At present, it is critical to recognise the threats that emanate from esports communities, identify opportunities for intervention, and act with intent and foresight to remedy underlying malignancies. This Insight presents an overview of the conditions colouring the esports industry, explores areas within which extremist ideologies exist, and describes the United States Esports Association’s efforts to address radicalising processes before they lead to non-peaceable expression.
What are Esports?
Esports are a subset of the video game ecosystem and can be simply understood as video games played competitively in the presence of sports-like structures. Formal definitions for esports vary, although a foundational definition was proposed in 2006 by Professor Michael G. Wagner: “‘eSports’ is an area of sport activities in which people develop and train mental or physical abilities in the use of information and communication technologies.”
This definition is beneficial for two reasons. First, it relies on non-video game domains to form an understanding of the esports domain. This reliance ensures that the study of esports is accessible to experts in any domain and is not constrained to present or historical conditions. Second, this definition presents esports as a synthesis of pre-existing activities, not a thing unto themselves. This synthesis is especially useful today since the literature on esports is greatly underdeveloped, especially in niche areas like extremism studies.
Despite particularities, common sporting phenomena are present in esports. Esports are young, with foundations in the Intergalactic Spacewar Olympics in 1972 and the National Space Invaders Championship in 1980. This relative nascency means that the infrastructure supporting the esports industry overall is underdeveloped and constantly changing, so comparisons with traditional sports must be made through a historical lens rather than how the two spaces exist at present.
Many models of the ecosystem exist, and their utility depends on context. One popular and accessible model was published by Nico Besombes in a 2019 Medium article. This model mirrors the traditional sports ecosystem where internal entities, like teams and leagues, emerge from the intervention of external entities, like players and sponsors, to create sporting entertainment products suitable for fans. This model also suggests that esports are influenced by non-endemic stakeholders, like game developers, whose influence straddles other, related domains, like video games. The complex interactions of the parts of this ecosystem offer unique vectors of radicalisation and mobilisation which have not been explored in the esports context but are studied for traditional sports and video games. Further research is needed in this area.
According to market research firm Newzoo, the global esports audience is rapidly expanding, with an 8.7% annual growth rate, reaching an audience of 640.8 million people by 2025. Esports enthusiasts are predominately men (66%) aged 21 to 35 (31%). Occasional viewers are fairly similar to enthusiasts in gender (63% men) and age (28% between 21 and 35). As with traditional sports, demographics vary by region and game, with Asia having the largest audience.
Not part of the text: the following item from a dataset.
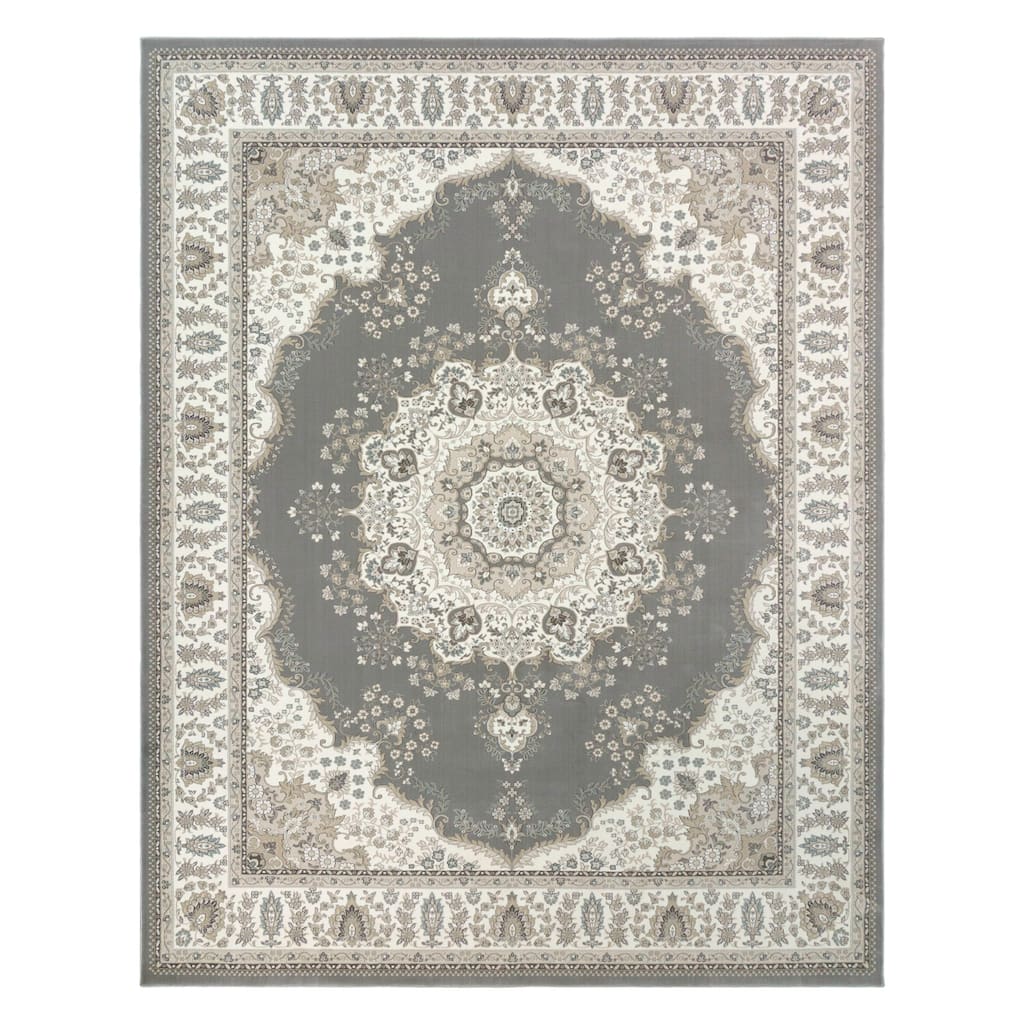 Gertmenian Majestic Brody Grey Traditional Boarder Medallion Area Rug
Esports’ relatively young audience presents concerns based on young people’s exposure to anti-social elements throughout the esports ecosystem. These elements include homophobia, transphobia, racism, sexism, genderism, ableism, antisemitism, Islamophobia, and toxic masculinity. These developmental artefacts have prevailed and become embedded into videogame spaces. Due to an underemphasis on eradicating these ideologies within esports spaces, they exist in scripted and systemic ways in gamer culture.
Online Radicalisation
As online natives, gamers interact over multiple platforms simultaneously, using sites like Twitter (now X), dedicated platforms like Discord, and in-game communications functionalities. As a result, organic and strategic radicalisation and participation in extremist ideologies occur as they do online in general.
Irrespective of use, the internet may pose a greater risk of behavioural radicalisation of users than other sources. This observation increases the impact of risk factors for online natives, like gamers, who may encounter radicalising content more often because of how much they use the internet.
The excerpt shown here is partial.